▸ **Problem statement**
Nothing outside the range is to be copied. From the entries below, reproduce exactly the lines starting at the one with "Necklace (Silver, Black)" and ending at the one with "Gold Flower Butterfly", without pictures.

▸ **Records for processing**
= = = =

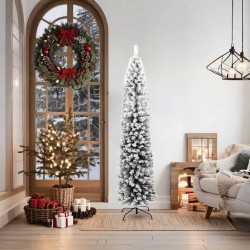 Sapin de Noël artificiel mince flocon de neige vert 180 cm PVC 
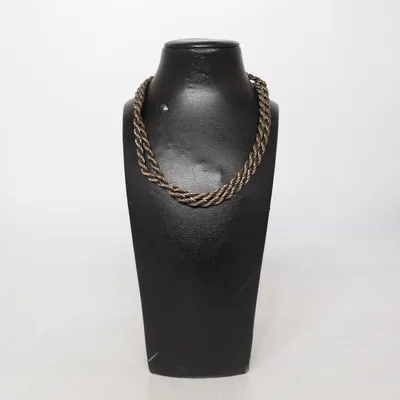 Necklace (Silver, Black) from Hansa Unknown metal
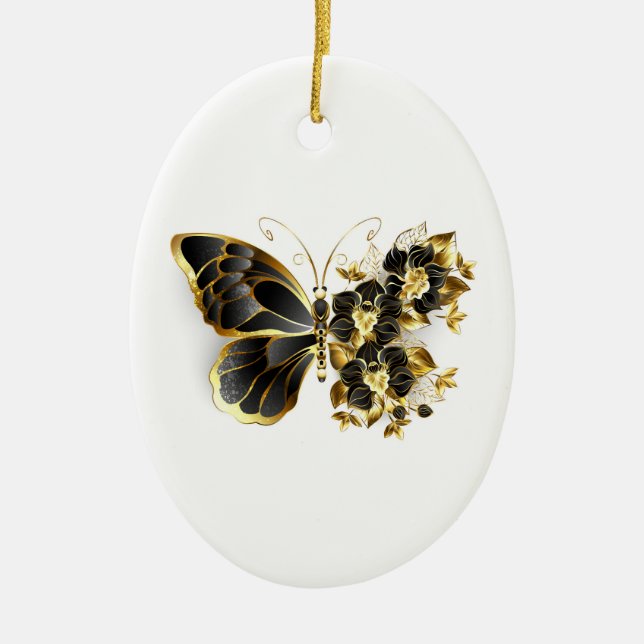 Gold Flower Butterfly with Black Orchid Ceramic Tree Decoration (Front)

= = = =

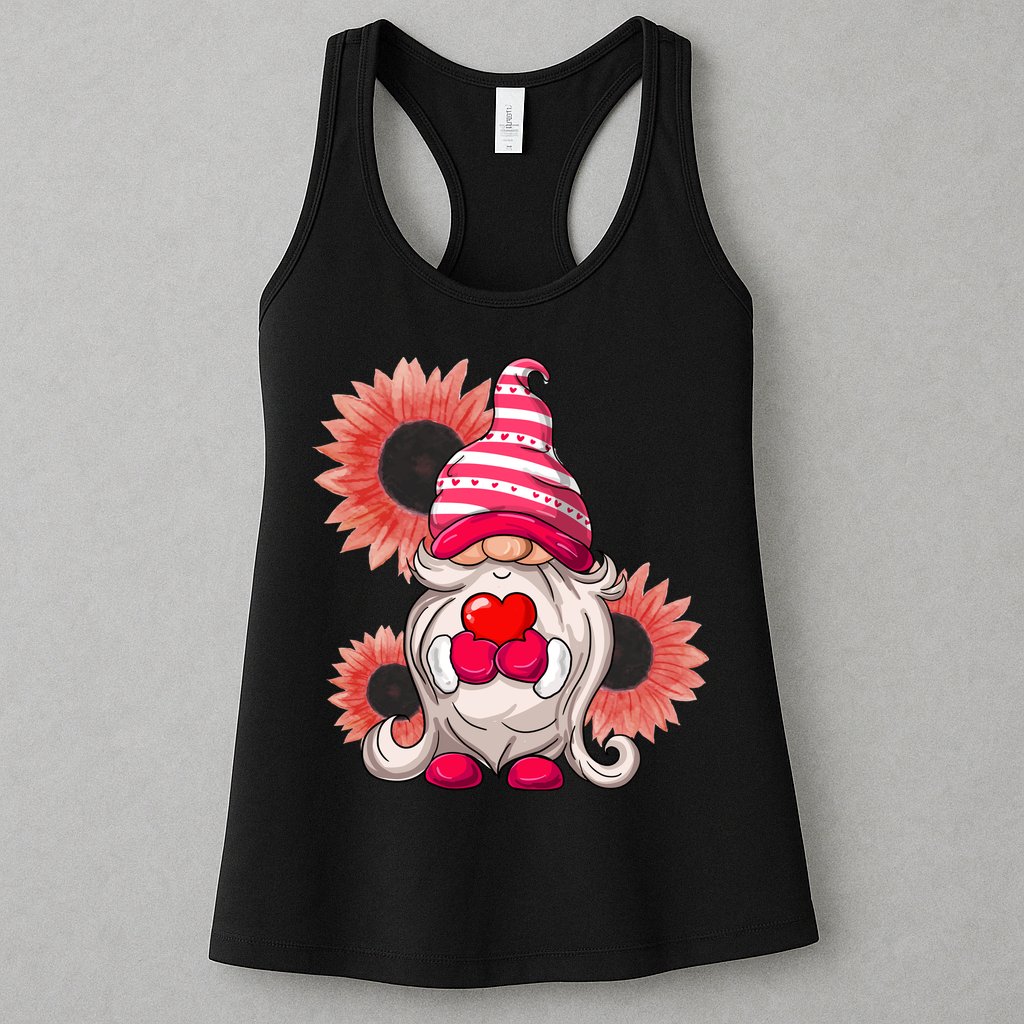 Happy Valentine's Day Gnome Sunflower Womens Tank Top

= = = =

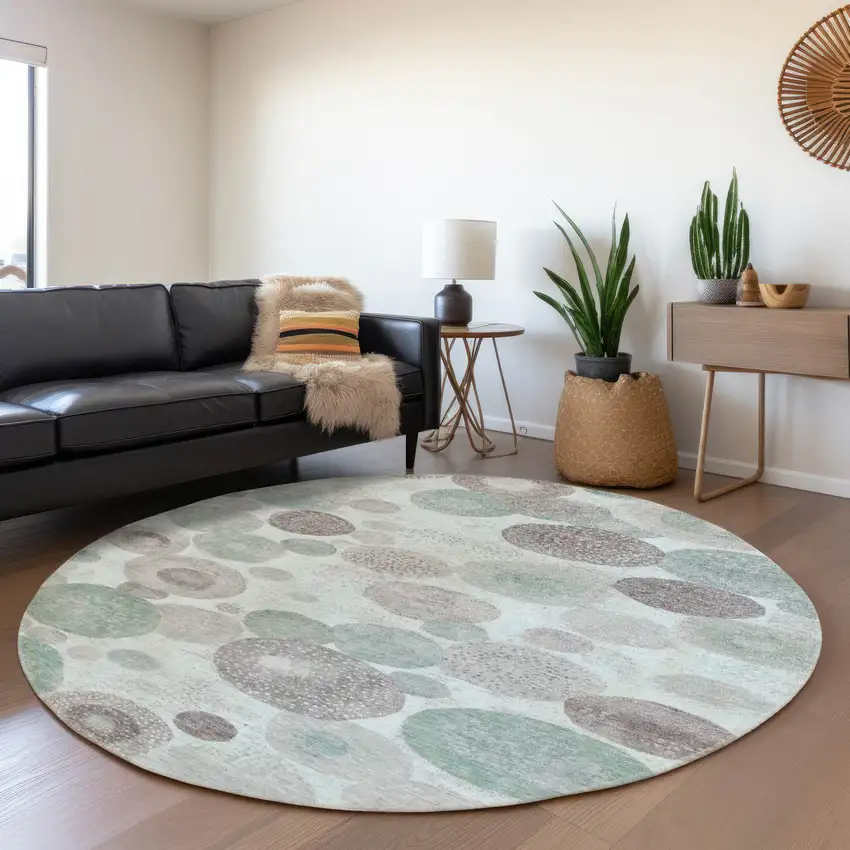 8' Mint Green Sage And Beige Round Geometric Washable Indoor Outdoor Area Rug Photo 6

= = = =

▸ **Answer for this exercise**
 Necklace (Silver, Black) from Hansa Unknown metal
 Gold Flower Butterfly with Black Orchid Ceramic Tree Decoration (Front)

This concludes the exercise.